§ **DATA SEGMENT**:
^^^^^^^^^^^^^^^^

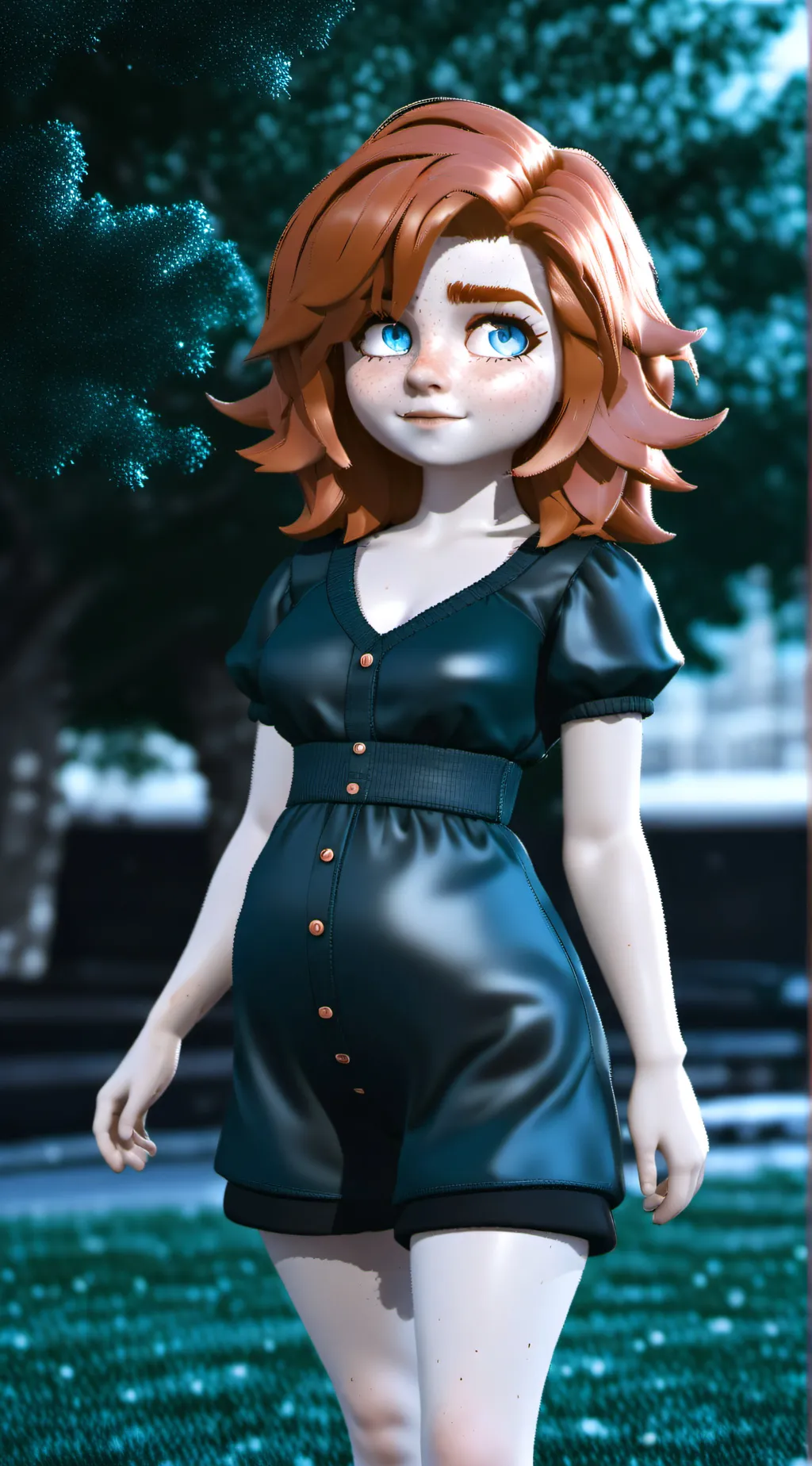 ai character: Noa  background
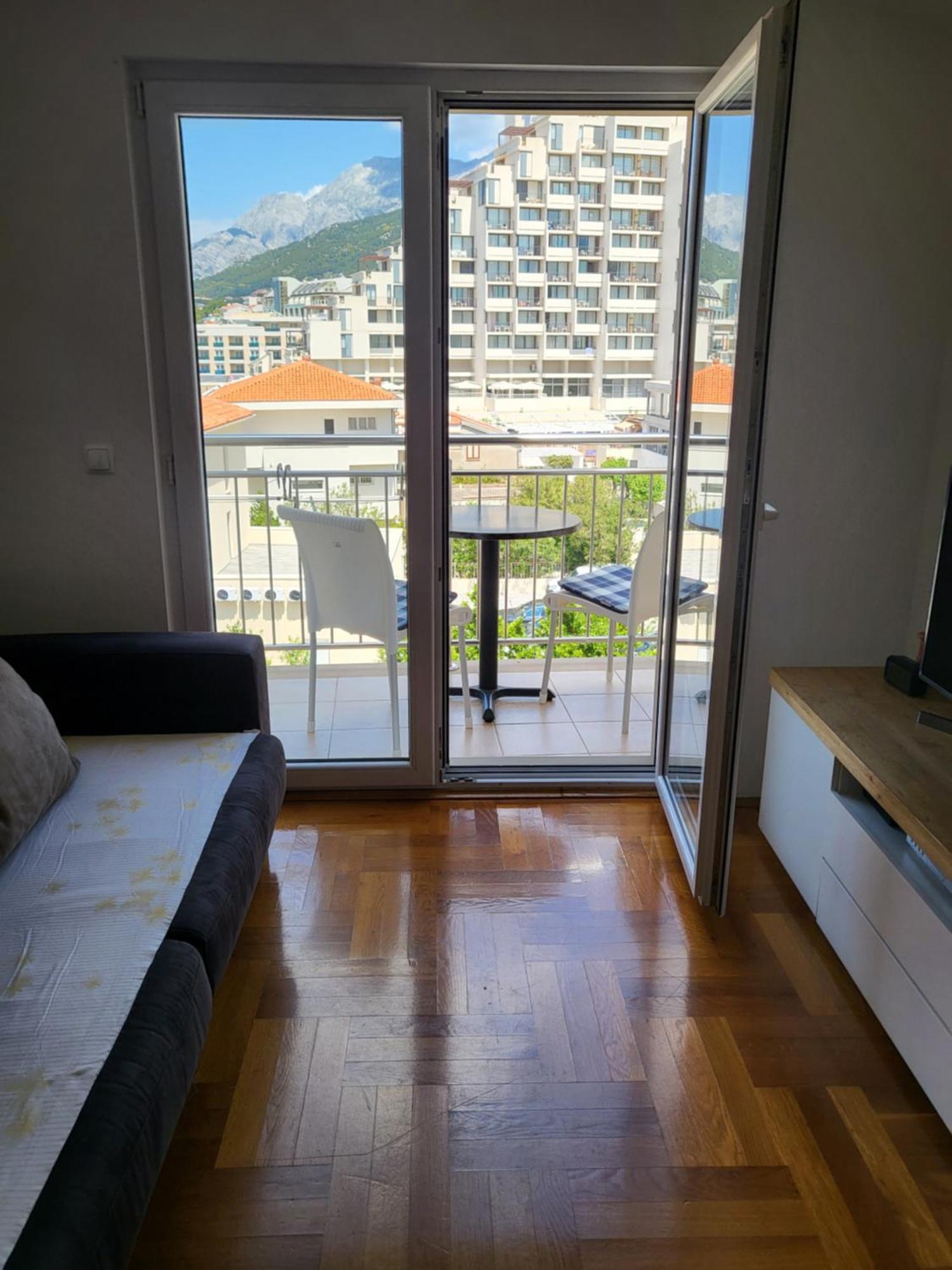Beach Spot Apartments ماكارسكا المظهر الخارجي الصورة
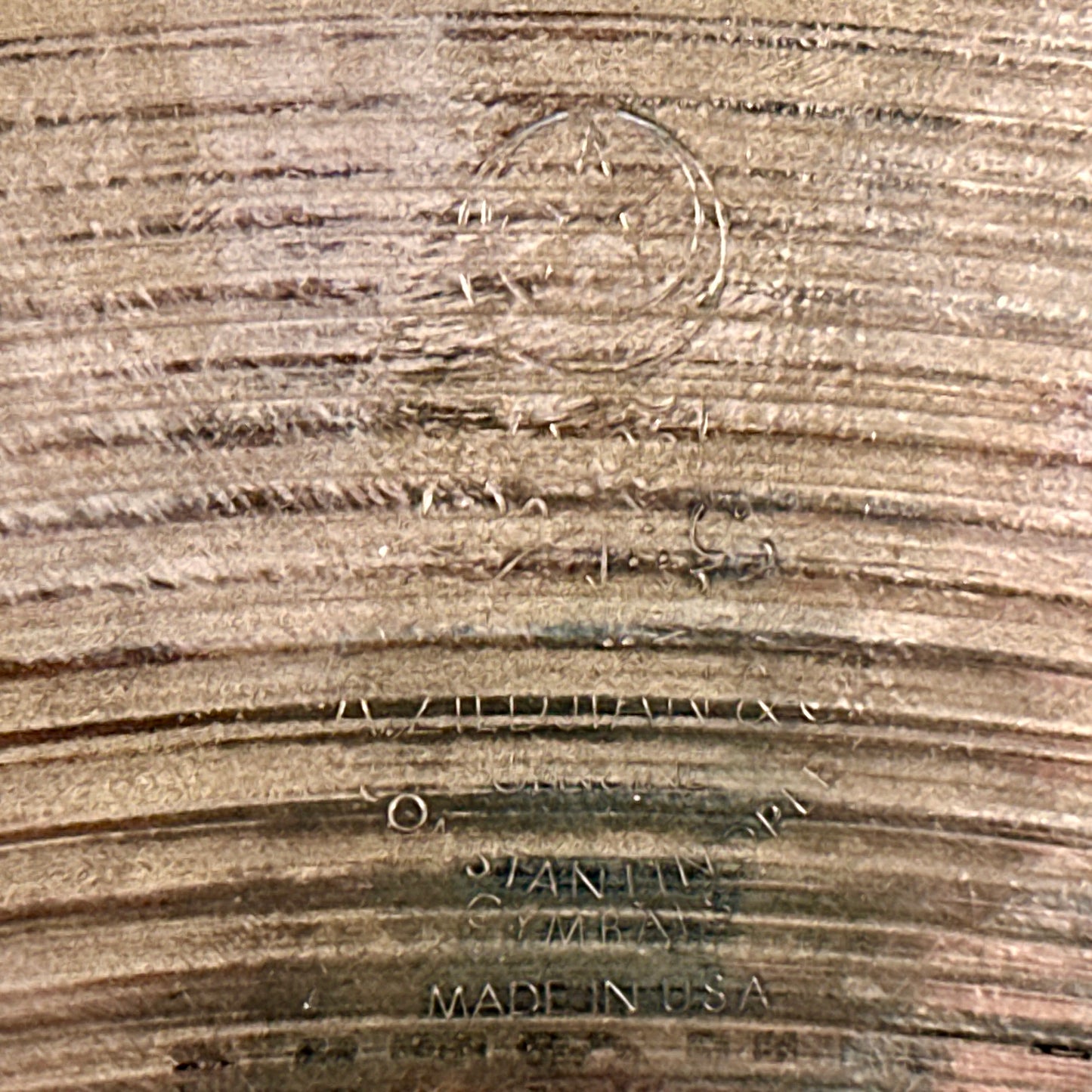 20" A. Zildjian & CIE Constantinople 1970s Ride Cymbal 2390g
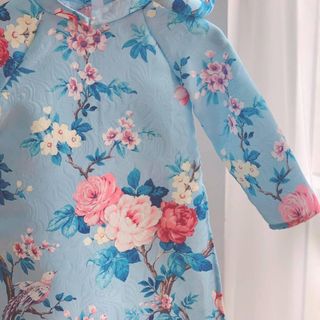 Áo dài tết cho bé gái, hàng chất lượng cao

^^^^^^^^^^^^^^^^

§ **WORK REQUEST**: Reproduce the whole listing verbatim and keep all pictures out of it.

§ **THE COMPLETED TASK**:
 ai character: Noa  background
Beach Spot Apartments ماكارسكا المظهر الخارجي الصورة
 20" A. Zildjian & CIE Constantinople 1970s Ride Cymbal 2390g
 Áo dài tết cho bé gái, hàng chất lượng cao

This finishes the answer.